Numbers play tricks on housing values

Investors who keep a keen eye on property news headlines may have been surprised when researcher CoreLogic declared Brisbane had overtaken Melbourne in median dwelling values.

But are the numbers what they seem? Digging deeper into the data is always a worthwhile exercise because it perfectly illustrates how property is never a static investment. 
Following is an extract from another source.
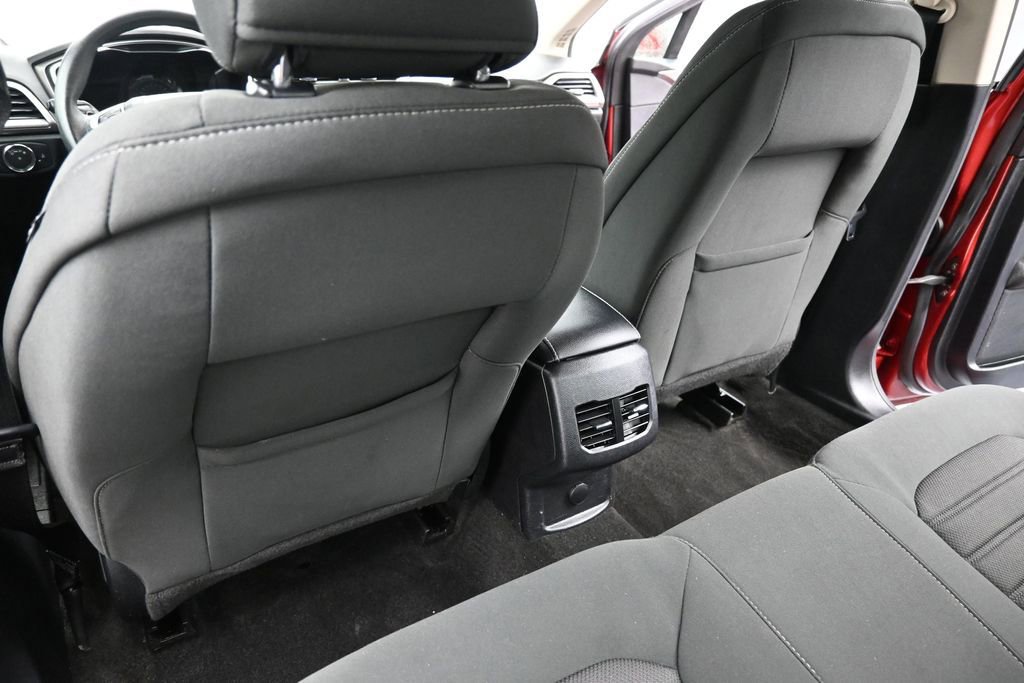 Used 2019 Ford Fusion SE FWD image 26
These key points explain Brisbane’s amazing growth while also revealing that Melbourne hasn’t exactly fallen off the perch.

Stellar growth

Brisbane has enjoyed the post-pandemic boom more than any other capital city. According to CoreLogic, its property values are up 50.2% since March 2020. Strong demand and a shortage of available properties have been the critical driving forces.

People power

Brisbane attracted 51,500 new residents in the 12 months to March 2022. By comparison, Melbourne lost 20,000. This also significantly impacts property supply and demand dynamics; an attractive issue for landlords when looking at further investments.

Impressive number

At $787,000, Brisbane now has the third-highest median value behind Sydney and Canberra.

Tricky maths

Brisbane beats Melbourne on median averages because Melbourne has a higher proportion of properties that are units. Given houses are usually more expensive, this drags down Melbourne’s median average. 

The reality?

Is Brisbane more expensive, then? No. Individually, its median house and unit values are still $72,000 and $49,000 below Melbourne’s, according to CoreLogic. It’s just that the volume of units cruels Melbourne’s numbers.

What’s the lesson?

Investing in new or distant markets can be tricky, and the numbers are not always what they seem. Due diligence in every aspect of a purchase is essential before investing. 

NOTE: The information in this article is general in nature and provided as a market overview only. Always consult your financial advisor or accountant for advice specific to your personal circumstances.